**HOW TO COMPLETE THIS TASK:** A single number is expected: the count of lines below where the word "Jersey" occurs.

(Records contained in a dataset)
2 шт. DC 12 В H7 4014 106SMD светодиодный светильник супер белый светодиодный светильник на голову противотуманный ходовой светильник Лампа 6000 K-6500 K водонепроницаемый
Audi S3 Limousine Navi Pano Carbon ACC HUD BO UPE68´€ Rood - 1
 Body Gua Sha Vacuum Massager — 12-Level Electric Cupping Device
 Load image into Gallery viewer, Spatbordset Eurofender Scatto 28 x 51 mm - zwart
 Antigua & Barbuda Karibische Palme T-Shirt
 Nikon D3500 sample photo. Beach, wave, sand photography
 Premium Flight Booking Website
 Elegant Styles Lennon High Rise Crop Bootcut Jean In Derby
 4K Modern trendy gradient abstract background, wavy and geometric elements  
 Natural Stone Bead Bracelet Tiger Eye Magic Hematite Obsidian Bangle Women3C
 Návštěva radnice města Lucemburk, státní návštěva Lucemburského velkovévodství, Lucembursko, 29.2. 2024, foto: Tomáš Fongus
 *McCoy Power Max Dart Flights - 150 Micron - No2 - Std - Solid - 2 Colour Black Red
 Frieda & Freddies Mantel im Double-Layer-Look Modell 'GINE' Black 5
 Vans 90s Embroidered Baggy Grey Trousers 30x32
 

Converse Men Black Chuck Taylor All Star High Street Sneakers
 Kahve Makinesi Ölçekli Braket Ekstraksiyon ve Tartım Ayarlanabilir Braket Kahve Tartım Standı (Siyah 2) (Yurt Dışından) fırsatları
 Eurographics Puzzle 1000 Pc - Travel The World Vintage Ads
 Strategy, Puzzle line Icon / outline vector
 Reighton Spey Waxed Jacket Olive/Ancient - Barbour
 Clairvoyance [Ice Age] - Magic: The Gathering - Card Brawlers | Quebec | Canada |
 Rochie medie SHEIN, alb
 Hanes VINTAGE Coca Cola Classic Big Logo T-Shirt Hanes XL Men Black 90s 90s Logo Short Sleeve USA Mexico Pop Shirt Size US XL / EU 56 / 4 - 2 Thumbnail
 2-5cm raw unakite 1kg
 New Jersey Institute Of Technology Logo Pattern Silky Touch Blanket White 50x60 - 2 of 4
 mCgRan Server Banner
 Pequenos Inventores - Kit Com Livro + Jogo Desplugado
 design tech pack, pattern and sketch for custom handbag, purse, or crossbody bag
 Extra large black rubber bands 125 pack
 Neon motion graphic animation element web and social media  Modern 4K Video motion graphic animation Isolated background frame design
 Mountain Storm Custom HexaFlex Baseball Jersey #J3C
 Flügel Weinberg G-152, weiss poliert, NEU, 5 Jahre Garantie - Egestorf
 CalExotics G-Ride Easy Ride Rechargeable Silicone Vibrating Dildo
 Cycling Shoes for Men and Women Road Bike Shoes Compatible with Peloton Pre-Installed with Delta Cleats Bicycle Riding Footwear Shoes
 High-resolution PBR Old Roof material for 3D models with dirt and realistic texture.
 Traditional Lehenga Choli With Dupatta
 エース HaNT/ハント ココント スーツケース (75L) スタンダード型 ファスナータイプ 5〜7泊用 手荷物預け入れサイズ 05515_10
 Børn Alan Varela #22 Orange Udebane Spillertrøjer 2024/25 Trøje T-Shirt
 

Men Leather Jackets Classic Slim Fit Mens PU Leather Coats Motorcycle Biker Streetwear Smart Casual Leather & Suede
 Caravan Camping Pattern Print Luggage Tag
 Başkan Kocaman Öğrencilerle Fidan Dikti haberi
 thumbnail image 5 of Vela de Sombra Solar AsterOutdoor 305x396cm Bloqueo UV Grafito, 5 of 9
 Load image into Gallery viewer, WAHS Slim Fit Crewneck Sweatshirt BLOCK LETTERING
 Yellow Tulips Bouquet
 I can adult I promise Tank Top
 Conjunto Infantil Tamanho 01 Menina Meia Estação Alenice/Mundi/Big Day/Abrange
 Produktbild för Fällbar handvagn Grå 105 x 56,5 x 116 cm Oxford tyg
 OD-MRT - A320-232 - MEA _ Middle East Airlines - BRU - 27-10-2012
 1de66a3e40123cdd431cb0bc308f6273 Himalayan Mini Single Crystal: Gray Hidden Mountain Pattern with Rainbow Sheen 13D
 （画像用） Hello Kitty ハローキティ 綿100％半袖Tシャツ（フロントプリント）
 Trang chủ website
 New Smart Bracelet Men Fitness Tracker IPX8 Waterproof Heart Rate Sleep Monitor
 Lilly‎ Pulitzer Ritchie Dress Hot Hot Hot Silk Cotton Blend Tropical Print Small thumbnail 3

**ANSWER FOR THIS EXERCISE:** 2